Please retype all of the entries that follow, leaving the images out.
═══ The records
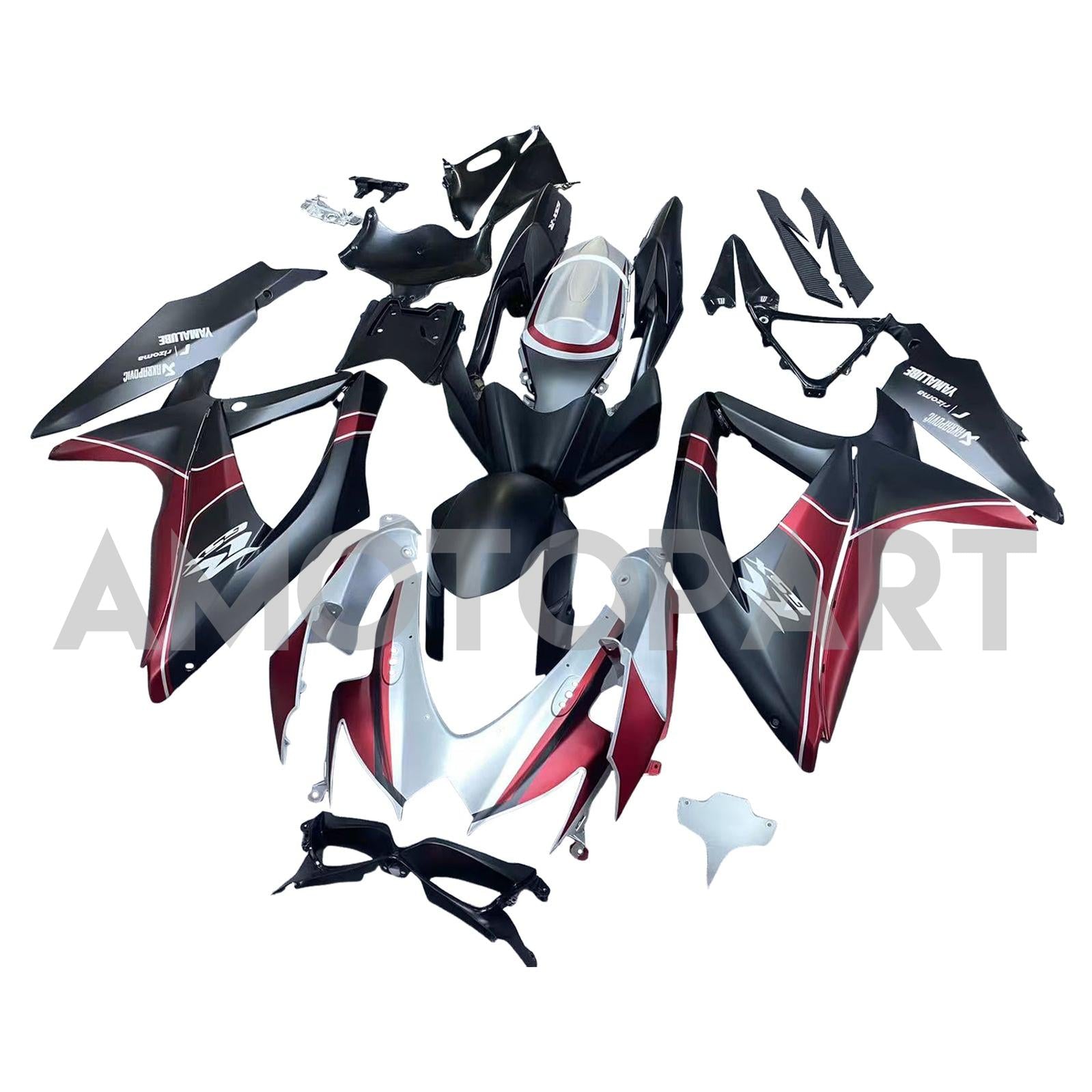 Amotopart 2008–2010 Suzuki GSXR 600/750 K8, mattrot&Schwarzes Verkleidungskit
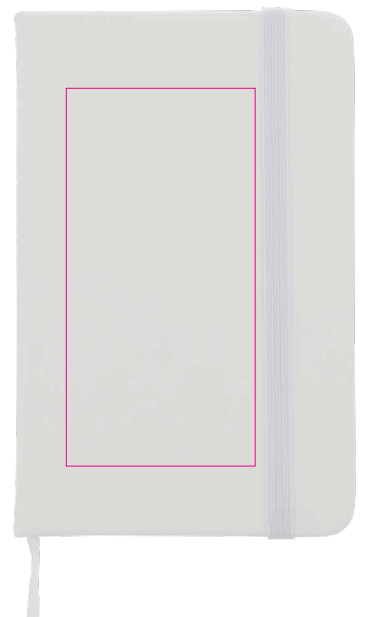 Flow notitieboek - A6 - PU - 96 vellen - gelinieerd - bijpassende elastische band en lint - Bedrukking 1 of 2 kleuren voorzijde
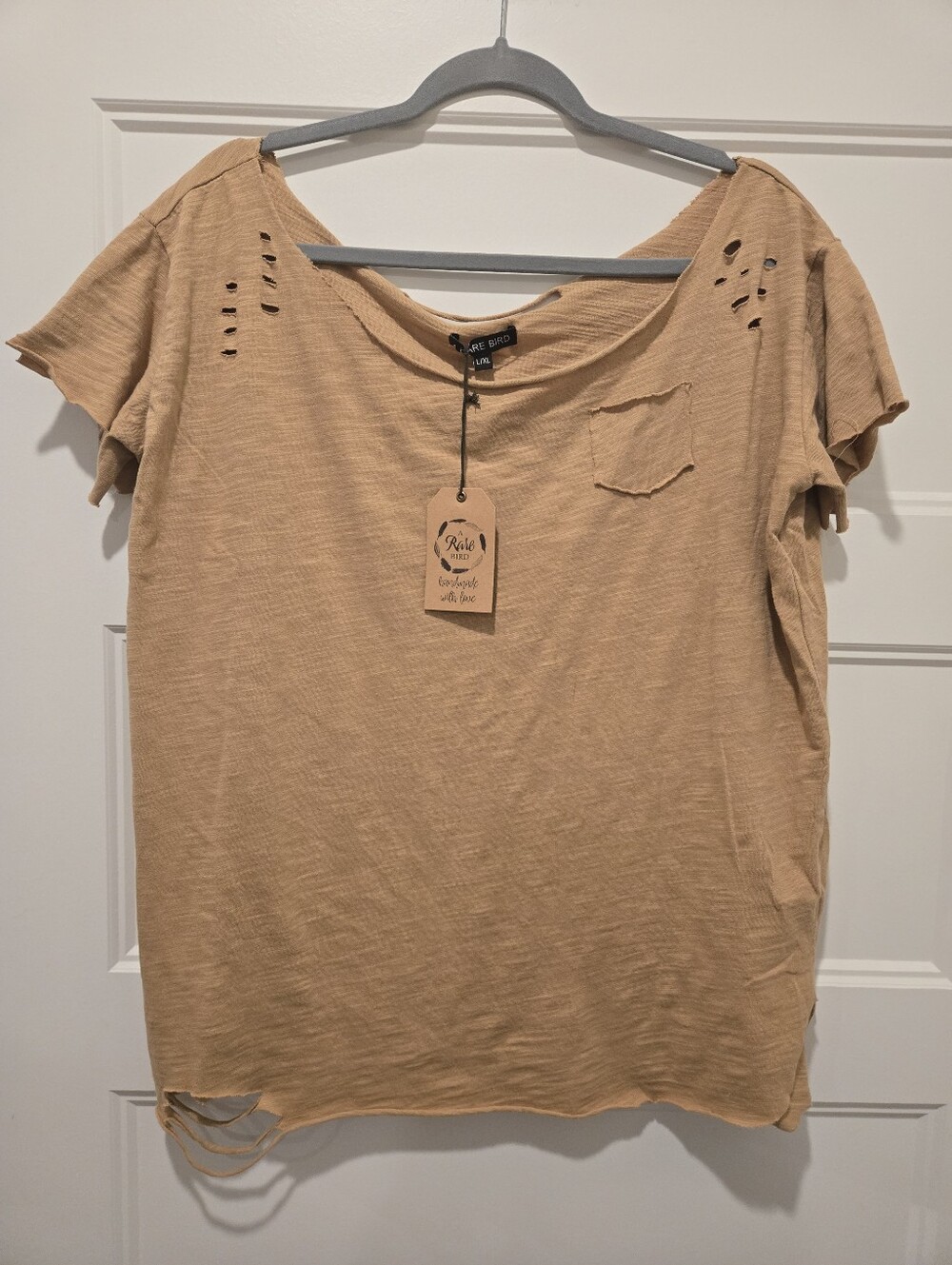 NWT A Rare Bird Relaxed Distressed Women’s Tee - Tan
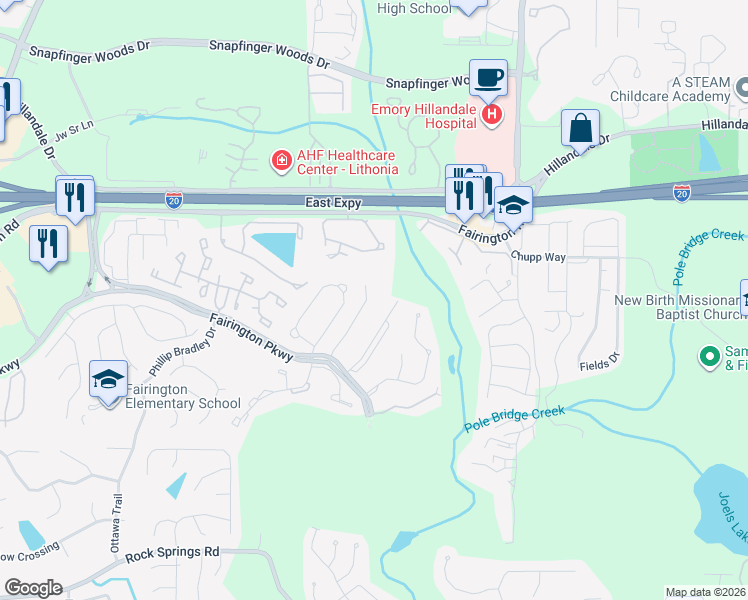 map of restaurants, bars, coffee shops, grocery stores, and more near 8201 Fairington Village Drive in Stonecrest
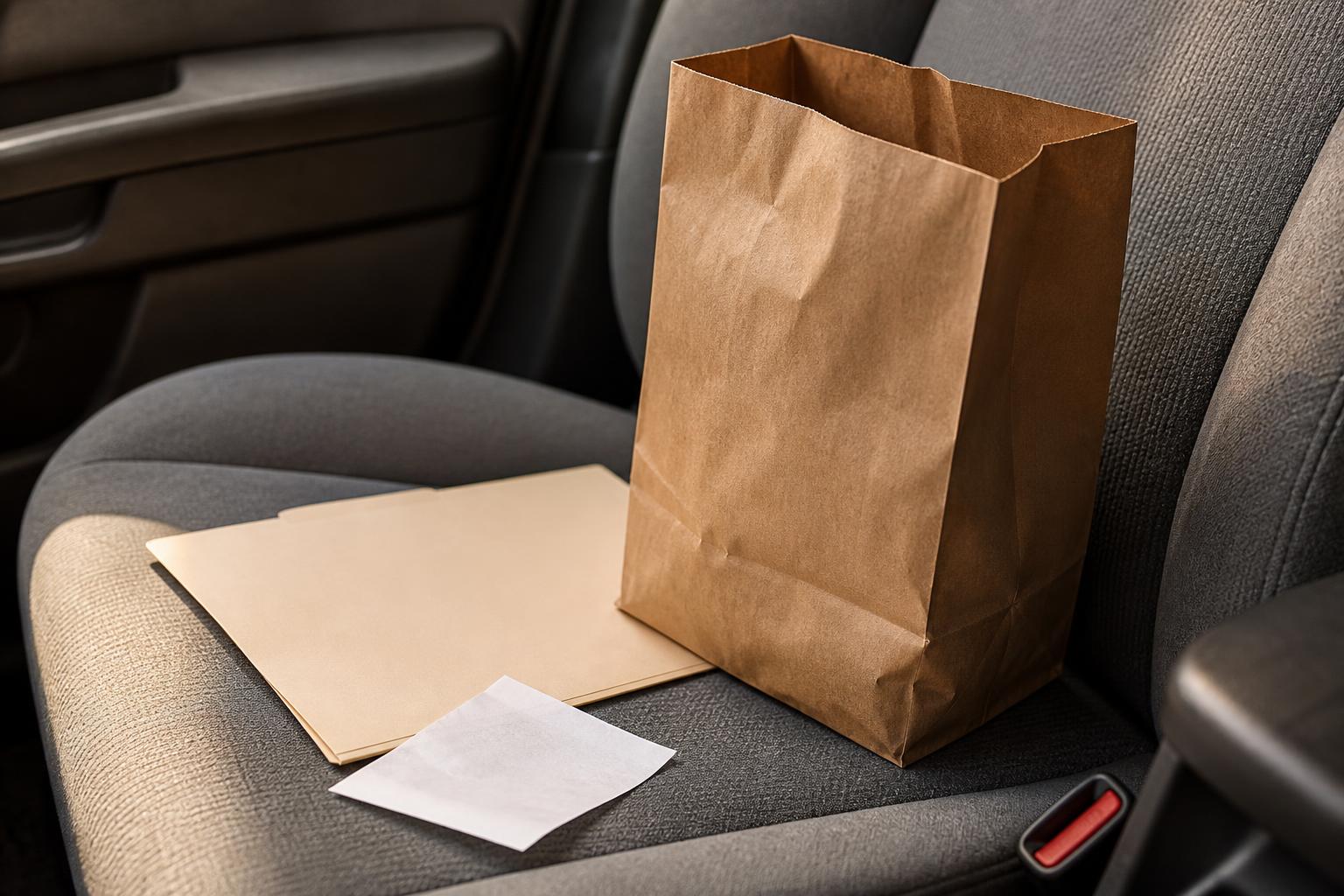 A brown paper bag and papers rest on a gray car seat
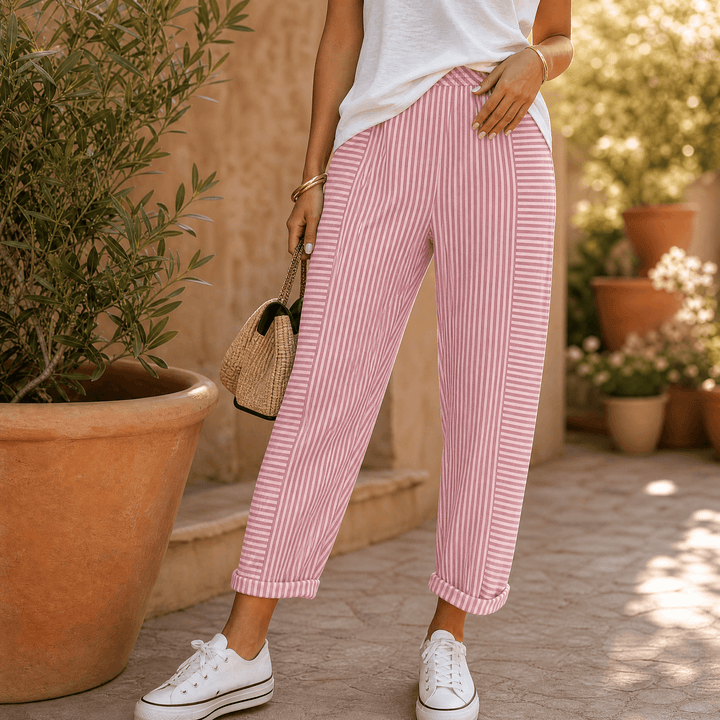 Lunavia – Women's Striped Pants with Elastic Waist Pink
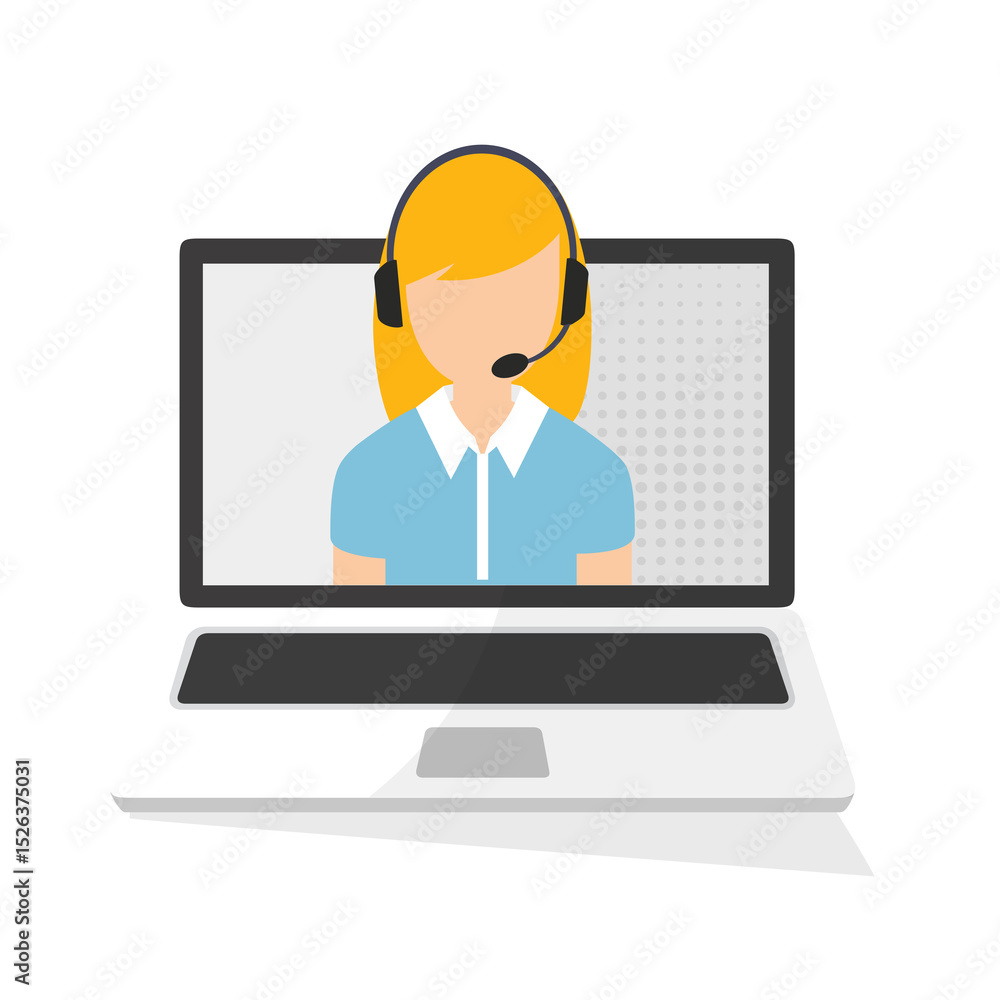 Agente del servizio clienti che lavora online CALL CENTER CENTRALINO - illustrazioni Agente del servizio clienti che lavora online CALL CENTER CENTRALINO - illustrazioni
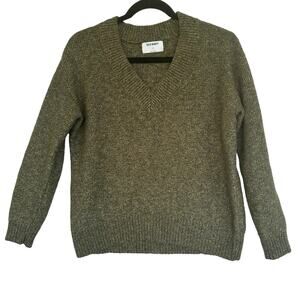 Old Navy Womens Knit V-Neck Pullover Sweater SZ M Green Gremlin Chunky Academia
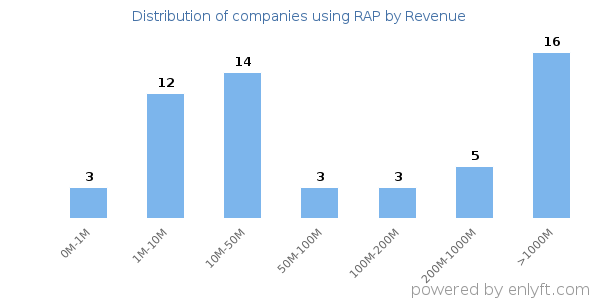 RAP clients - distribution by company revenue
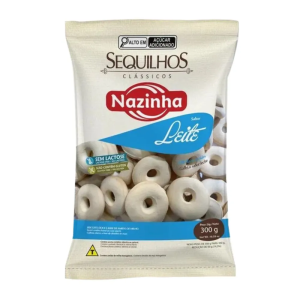 NAZINHA SEQUILHO SABOR LEITE SEM GLUTEN 300G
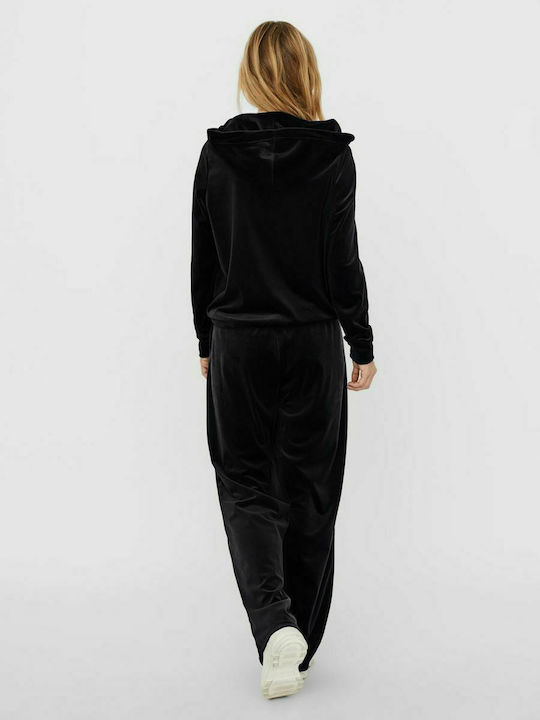 Vero Moda Jachetă Hanorac pentru Femei Catifea Cu glugă Neagră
══════
# [Written answer]
 Amotopart 2008–2010 Suzuki GSXR 600/750 K8, mattrot&Schwarzes Verkleidungskit
 Flow notitieboek - A6 - PU - 96 vellen - gelinieerd - bijpassende elastische band en lint - Bedrukking 1 of 2 kleuren voorzijde
 NWT A Rare Bird Relaxed Distressed Women’s Tee - Tan
 map of restaurants, bars, coffee shops, grocery stores, and more near 8201 Fairington Village Drive in Stonecrest
 A brown paper bag and papers rest on a gray car seat
 Lunavia – Women's Striped Pants with Elastic Waist Pink
 Agente del servizio clienti che lavora online CALL CENTER CENTRALINO - illustrazioni Agente del servizio clienti che lavora online CALL CENTER CENTRALINO - illustrazioni
 Old Navy Womens Knit V-Neck Pullover Sweater SZ M Green Gremlin Chunky Academia
 RAP clients - distribution by company revenue
 NAZINHA SEQUILHO SABOR LEITE SEM GLUTEN 300G
 Vero Moda Jachetă Hanorac pentru Femei Catifea Cu glugă Neagră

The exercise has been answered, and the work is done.